:: TASK TO COMPLETE ::
Don't include pictures. Quote the lines below from the first through the line that contains "Встраиваемый холодильник Electrolux".
**** SOURCE RECORDS ****
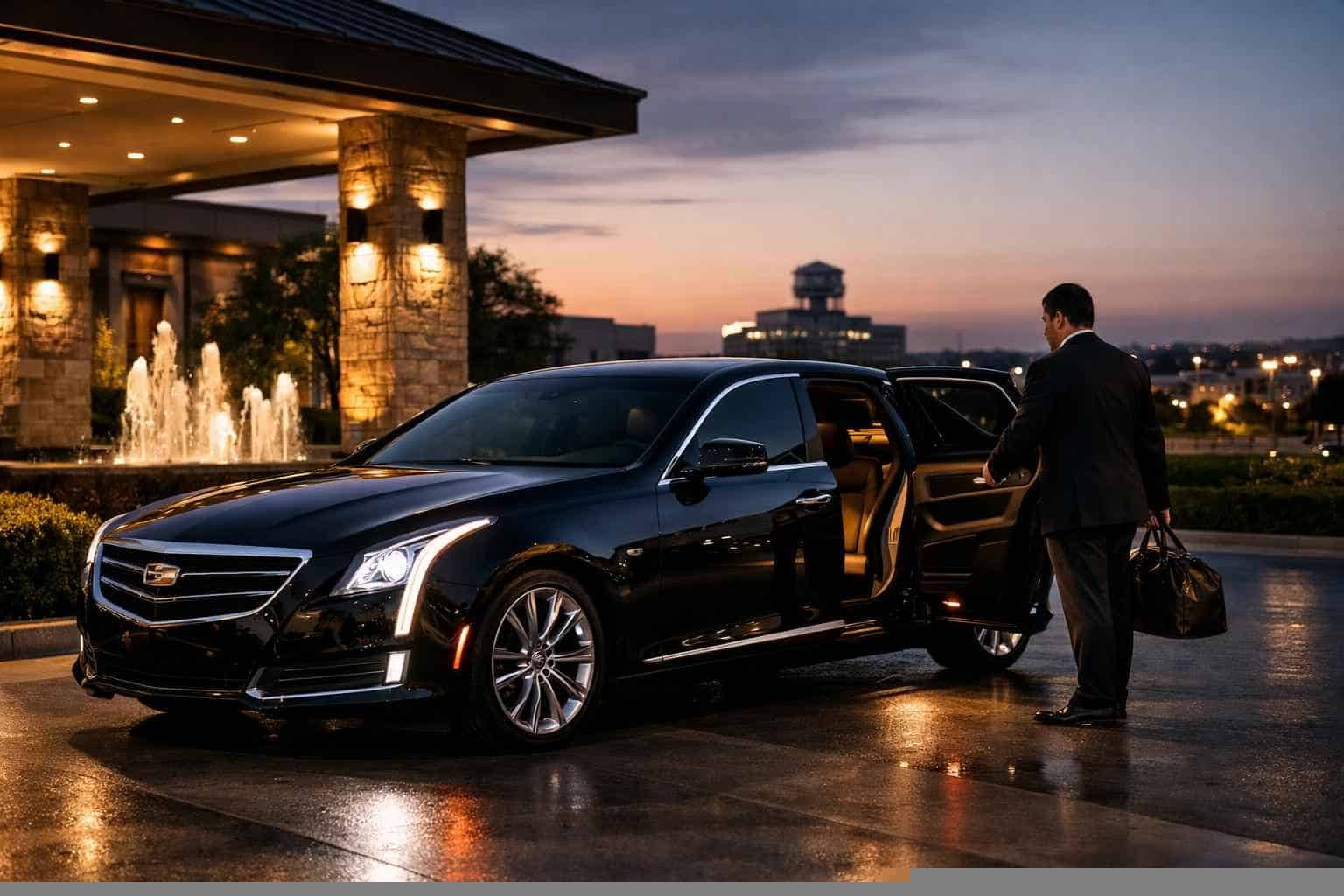 Luxury Black Car Service in Hurst TX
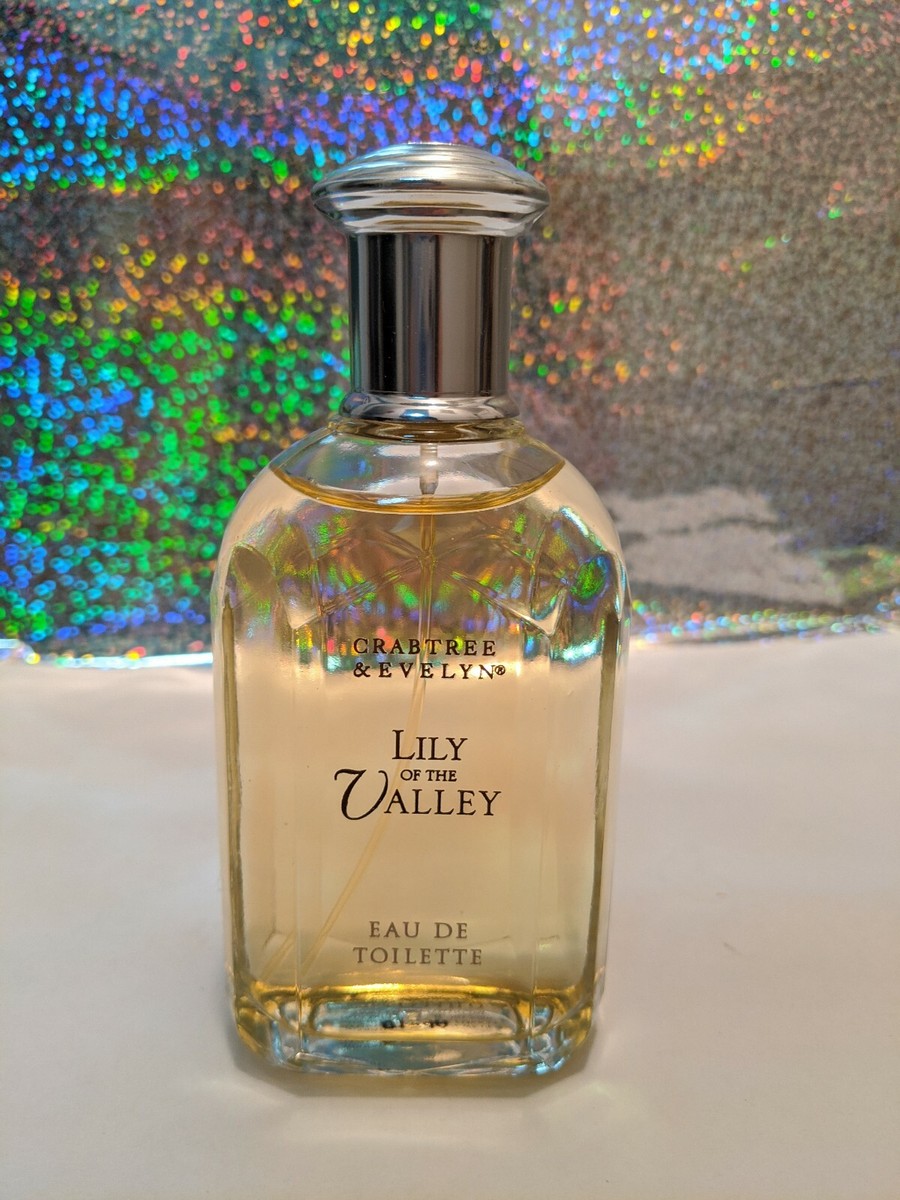VINTAGE Crabtree & Evelyn MUGUET 3.4 oz Lily Of The Valley Eau De
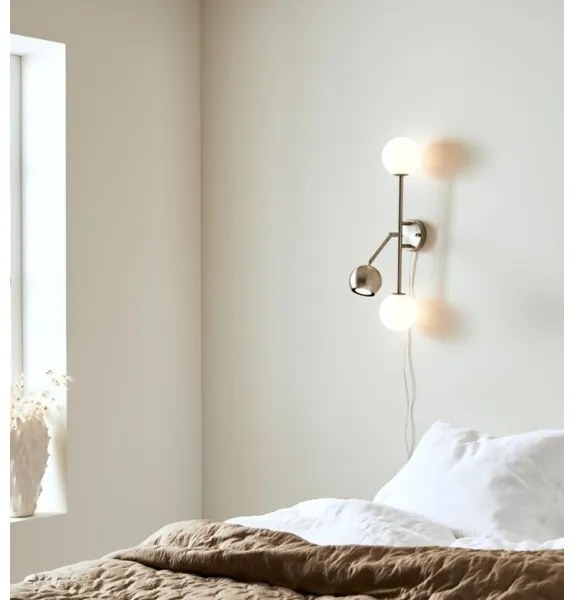 Aplică BESIDE 2xG9/20W/230V + 1xGU10/7W/230V crom Markslöjd 108256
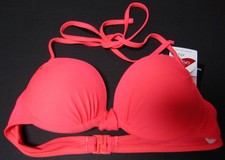 Bikini Oberteil BH orange Neon Signalfarbe Nekholder GR.70B NEU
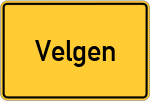 Place name sign Velgen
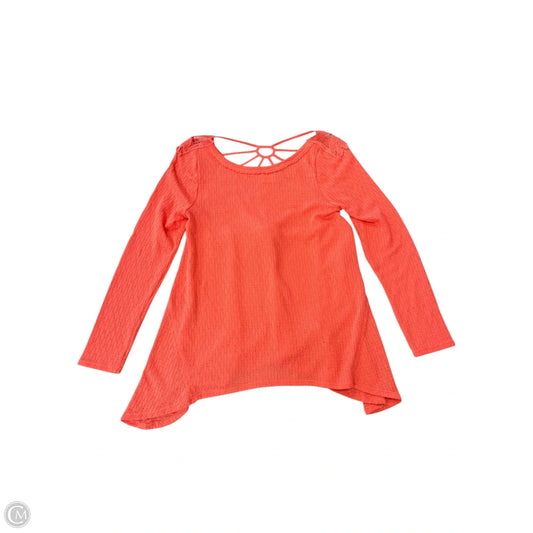 Top Long Sleeve By Altard State In Orange, Size: S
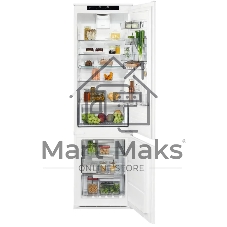 Встраиваемый холодильник Electrolux ENS8TE19S белый двухкамерный 214/62л морозилка снизу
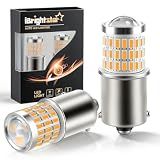 iBrightstar 1156 LED Bulb Amber, BA15S 1141 LED Turn Signal Bulbs Super Bright for Vehicle Blinker Lights and Turn Signal Lights, 2 Pack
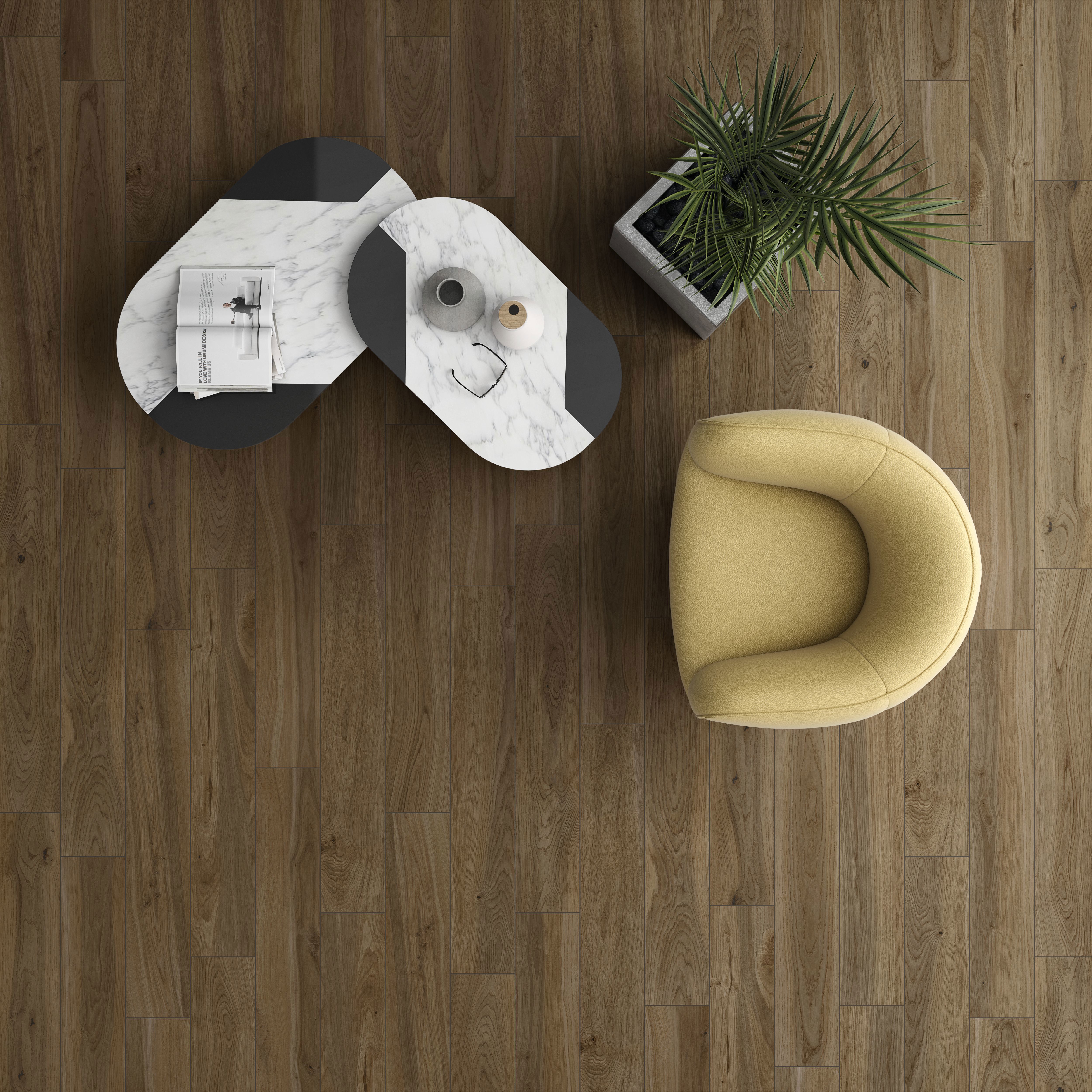 Изображение товара Керамогранит Prissmacer Miro Natura 19.5x120 см с древесным эффектом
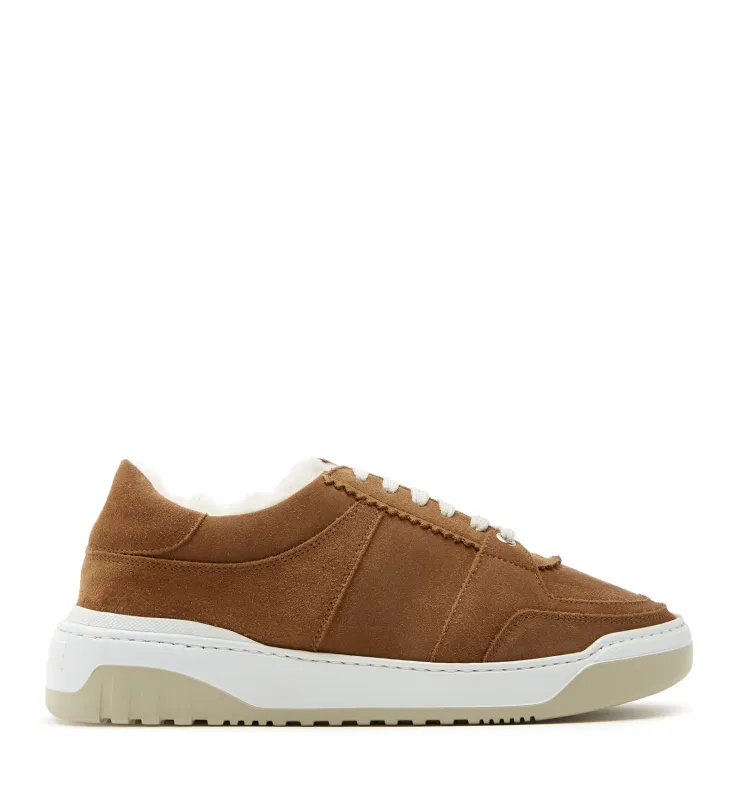 KLAIRE SHEARLING-LINED SUEDE SNEAKER sold by La CANADIENNE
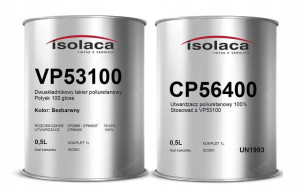 Isolaca VP53100 Poliuretanowy Bezbarwny Połysk 1L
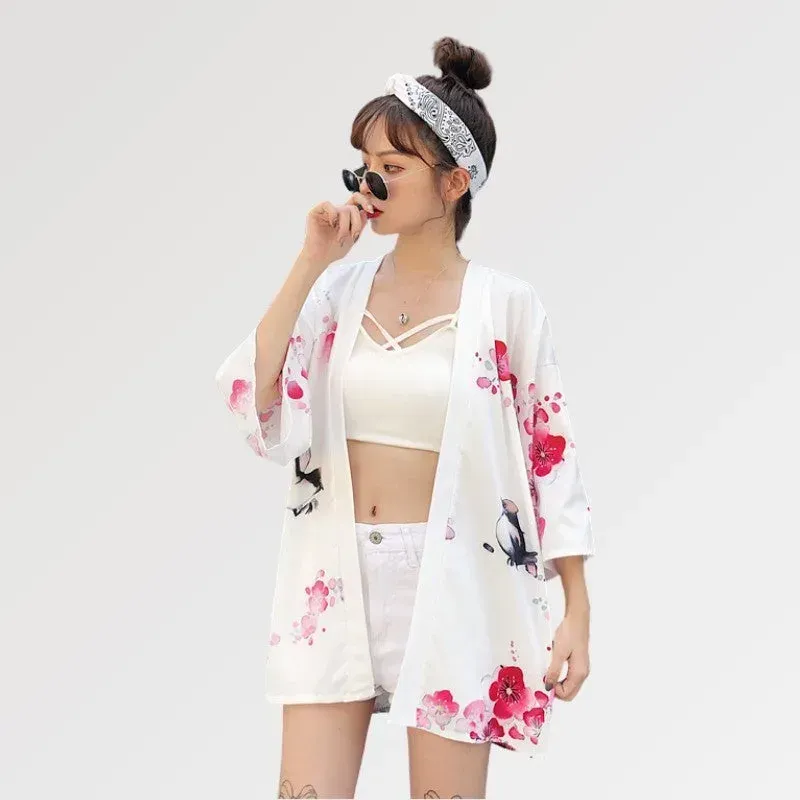 Japon style Sakura X Geiko cardigan geisha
****
:: SOLUTION FOR THIS TASK ::
 Luxury Black Car Service in Hurst TX
VINTAGE Crabtree & Evelyn MUGUET 3.4 oz Lily Of The Valley Eau De
 Aplică BESIDE 2xG9/20W/230V + 1xGU10/7W/230V crom Markslöjd 108256
 Bikini Oberteil BH orange Neon Signalfarbe Nekholder GR.70B NEU
 Place name sign Velgen
 Top Long Sleeve By Altard State In Orange, Size: S
 Встраиваемый холодильник Electrolux ENS8TE19S белый двухкамерный 214/62л морозилка снизу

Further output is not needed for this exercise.